One device on my wifi network (an honor view 10) is sporadically loosing a network connection, whilst the wifi connection. I think I have narrowed it down to an ARP problem of some description.
If I ping the device I see something like:
64 bytes from 192.168.1.199: icmp_seq=419 ttl=64 time=50.5 ms
64 bytes from 192.168.1.199: icmp_seq=427 ttl=64 time=15439 ms
64 bytes from 192.168.1.199: icmp_seq=428 ttl=64 time=14419 ms
<snip>
64 bytes from 192.168.1.199: icmp_seq=436 ttl=64 time=6267 ms
64 bytes from 192.168.1.199: icmp_seq=437 ttl=64 time=5244 ms
64 bytes from 192.168.1.199: icmp_seq=439 ttl=64 time=3196 ms
64 bytes from 192.168.1.199: icmp_seq=440 ttl=64 time=2174 ms
64 bytes from 192.168.1.199: icmp_seq=441 ttl=64 time=1150 ms
64 bytes from 192.168.1.199: icmp_seq=442 ttl=64 time=126 ms
64 bytes from 192.168.1.199: icmp_seq=443 ttl=64 time=250 ms
64 bytes from 192.168.1.199: icmp_seq=444 ttl=64 time=3.03 ms
64 bytes from 192.168.1.199: icmp_seq=445 ttl=64 time=3.54 ms
From 192.168.1.100 icmp_seq=458 Destination Host Unreachable
From 192.168.1.100 icmp_seq=459 Destination Host Unreachable
From 192.168.1.100 icmp_seq=460 Destination Host Unreachable
From 192.168.1.100 icmp_seq=461 Destination Host Unreachable
This shows very variable ping times, and then a disconnect which might take a minute or so to recover from.
If I run tcpdump -i wlan1-3 arp host 192.168.1.199
or tcpdump -i br-home arp host 192.168.1.199
I see: a constant flood of:
20:18:46.490180 ARP, Request who-has downstairs_router.lan tell honorview.lan, length 28
20:18:46.490235 ARP, Request who-has downstairs_router.lan tell honorview.lan, length 28
20:18:46.490442 ARP, Reply downstairs_router.lan is-at 9c:3d:xx:xx:xx:xx (oui Unknown), length
This is repeated every second when the ping isn't working, which shows that the wifi is staying up, and the L2 network is fine it is just the ARP failures that are stopping the IP connectivity.
When the IP connection restarts (after a minute or so) the ARP requests slow down. I don't have this problem on any other device.

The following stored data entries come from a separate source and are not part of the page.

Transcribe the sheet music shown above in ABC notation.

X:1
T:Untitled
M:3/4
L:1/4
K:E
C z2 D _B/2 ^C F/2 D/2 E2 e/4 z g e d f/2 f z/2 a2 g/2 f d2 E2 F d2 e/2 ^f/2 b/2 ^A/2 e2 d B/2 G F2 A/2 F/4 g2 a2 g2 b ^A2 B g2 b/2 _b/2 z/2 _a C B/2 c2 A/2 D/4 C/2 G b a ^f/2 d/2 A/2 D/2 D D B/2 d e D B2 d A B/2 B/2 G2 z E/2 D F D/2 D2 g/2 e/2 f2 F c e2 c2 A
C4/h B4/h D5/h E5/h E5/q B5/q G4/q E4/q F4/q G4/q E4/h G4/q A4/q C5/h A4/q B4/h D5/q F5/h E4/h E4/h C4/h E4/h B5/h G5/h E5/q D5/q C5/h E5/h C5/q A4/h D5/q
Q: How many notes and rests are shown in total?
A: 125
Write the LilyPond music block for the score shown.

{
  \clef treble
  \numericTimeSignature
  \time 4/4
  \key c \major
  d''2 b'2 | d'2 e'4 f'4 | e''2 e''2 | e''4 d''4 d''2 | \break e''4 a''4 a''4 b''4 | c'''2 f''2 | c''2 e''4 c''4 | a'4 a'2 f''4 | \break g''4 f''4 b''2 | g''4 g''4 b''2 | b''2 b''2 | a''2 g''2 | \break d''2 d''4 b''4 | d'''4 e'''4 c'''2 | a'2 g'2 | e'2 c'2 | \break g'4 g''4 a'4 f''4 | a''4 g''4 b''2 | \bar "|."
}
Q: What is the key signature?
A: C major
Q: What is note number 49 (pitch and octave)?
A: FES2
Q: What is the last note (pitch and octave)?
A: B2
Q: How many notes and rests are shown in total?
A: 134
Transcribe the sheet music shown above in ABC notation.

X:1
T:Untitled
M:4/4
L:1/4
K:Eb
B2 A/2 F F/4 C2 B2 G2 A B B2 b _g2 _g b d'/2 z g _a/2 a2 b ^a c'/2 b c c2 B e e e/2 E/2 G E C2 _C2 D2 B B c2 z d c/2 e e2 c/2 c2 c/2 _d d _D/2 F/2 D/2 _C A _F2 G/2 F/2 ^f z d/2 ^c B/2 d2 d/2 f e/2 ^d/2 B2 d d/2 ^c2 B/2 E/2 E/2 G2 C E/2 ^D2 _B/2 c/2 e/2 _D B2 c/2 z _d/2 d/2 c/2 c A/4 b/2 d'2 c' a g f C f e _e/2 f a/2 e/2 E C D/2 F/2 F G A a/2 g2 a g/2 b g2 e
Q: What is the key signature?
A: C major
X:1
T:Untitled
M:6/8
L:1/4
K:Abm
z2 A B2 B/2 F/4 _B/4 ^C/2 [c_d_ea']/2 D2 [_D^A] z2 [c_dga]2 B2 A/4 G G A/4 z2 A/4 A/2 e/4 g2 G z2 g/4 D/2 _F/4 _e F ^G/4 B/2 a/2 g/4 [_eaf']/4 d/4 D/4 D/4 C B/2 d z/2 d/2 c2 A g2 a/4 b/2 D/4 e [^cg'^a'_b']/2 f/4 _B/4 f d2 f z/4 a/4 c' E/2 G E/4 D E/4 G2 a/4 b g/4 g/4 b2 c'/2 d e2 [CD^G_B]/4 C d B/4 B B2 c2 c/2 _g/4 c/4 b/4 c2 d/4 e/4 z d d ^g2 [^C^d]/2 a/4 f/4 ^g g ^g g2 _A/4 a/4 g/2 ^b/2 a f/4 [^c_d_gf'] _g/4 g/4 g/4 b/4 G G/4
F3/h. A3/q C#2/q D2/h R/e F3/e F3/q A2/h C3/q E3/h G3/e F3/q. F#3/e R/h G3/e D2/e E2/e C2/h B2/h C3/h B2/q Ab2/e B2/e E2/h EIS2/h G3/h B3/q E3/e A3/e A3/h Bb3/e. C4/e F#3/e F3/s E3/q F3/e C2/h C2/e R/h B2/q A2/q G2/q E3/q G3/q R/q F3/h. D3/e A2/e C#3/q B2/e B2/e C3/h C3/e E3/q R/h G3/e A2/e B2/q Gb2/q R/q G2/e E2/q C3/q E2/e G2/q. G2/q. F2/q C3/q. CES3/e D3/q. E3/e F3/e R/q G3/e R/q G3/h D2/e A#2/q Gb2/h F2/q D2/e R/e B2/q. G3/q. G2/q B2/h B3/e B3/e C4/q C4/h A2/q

For info I am running OpenWRT 21.02.1 on downstairs_router which has a different bridge and SSID for home, work, admin and guest. There is a second router running OpenWRT 21.02.0 which is running trunked ethernet between the two. I have removed the VLANs and the secondary device to no avail, so don't believe they are part of the problem.
What could this be? I have disabled every power saving setting on the phone and can adb shell
to debug.. but I'm pretty much at the end end of my debugging skill.
Threads like this do suggest it could be something to do with the timing of ARP replies, but I have no idea if this is something I can test or debug.